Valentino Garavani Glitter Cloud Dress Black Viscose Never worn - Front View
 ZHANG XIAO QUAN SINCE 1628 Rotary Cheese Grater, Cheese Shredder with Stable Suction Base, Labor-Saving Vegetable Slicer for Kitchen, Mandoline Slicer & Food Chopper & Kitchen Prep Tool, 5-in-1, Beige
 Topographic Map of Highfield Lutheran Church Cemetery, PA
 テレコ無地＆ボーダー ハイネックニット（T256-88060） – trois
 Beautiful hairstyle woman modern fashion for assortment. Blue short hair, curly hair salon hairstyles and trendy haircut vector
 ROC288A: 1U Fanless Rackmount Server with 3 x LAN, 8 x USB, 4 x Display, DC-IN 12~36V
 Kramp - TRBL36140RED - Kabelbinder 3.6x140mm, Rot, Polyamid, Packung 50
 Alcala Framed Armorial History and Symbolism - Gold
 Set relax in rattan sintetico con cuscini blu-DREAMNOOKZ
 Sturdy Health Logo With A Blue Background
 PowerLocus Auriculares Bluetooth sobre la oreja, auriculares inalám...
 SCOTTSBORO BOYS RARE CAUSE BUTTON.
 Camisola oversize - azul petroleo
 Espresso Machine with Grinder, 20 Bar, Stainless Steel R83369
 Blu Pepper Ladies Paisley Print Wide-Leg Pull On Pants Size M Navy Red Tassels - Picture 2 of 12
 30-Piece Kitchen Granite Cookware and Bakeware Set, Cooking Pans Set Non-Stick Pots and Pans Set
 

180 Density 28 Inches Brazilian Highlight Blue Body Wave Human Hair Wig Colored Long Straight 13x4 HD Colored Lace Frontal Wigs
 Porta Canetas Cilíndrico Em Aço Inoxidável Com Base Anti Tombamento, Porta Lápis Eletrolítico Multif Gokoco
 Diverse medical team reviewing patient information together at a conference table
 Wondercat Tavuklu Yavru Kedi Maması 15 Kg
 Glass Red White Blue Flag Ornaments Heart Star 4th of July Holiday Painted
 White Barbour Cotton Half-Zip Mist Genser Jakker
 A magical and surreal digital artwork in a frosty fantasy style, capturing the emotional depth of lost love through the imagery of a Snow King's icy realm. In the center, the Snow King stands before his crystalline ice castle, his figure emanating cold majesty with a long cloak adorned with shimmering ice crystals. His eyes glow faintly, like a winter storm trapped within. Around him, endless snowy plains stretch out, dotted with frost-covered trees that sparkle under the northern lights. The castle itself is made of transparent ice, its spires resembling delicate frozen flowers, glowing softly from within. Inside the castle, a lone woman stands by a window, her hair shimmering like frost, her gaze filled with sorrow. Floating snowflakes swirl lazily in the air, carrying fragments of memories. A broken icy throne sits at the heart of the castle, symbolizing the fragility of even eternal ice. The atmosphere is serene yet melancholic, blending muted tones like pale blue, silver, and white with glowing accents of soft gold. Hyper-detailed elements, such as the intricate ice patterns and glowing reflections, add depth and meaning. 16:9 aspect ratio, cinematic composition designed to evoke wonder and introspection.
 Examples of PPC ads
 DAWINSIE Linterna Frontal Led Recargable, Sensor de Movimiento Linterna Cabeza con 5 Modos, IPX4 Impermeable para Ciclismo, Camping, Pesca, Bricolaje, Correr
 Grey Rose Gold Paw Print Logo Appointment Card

++++++++++

• TASK DIRECTIONS: Look for the word "Logo" throughout the material above and copy every line that has it.

• EXPECTED ANSWER:
 Sturdy Health Logo With A Blue Background
 Grey Rose Gold Paw Print Logo Appointment Card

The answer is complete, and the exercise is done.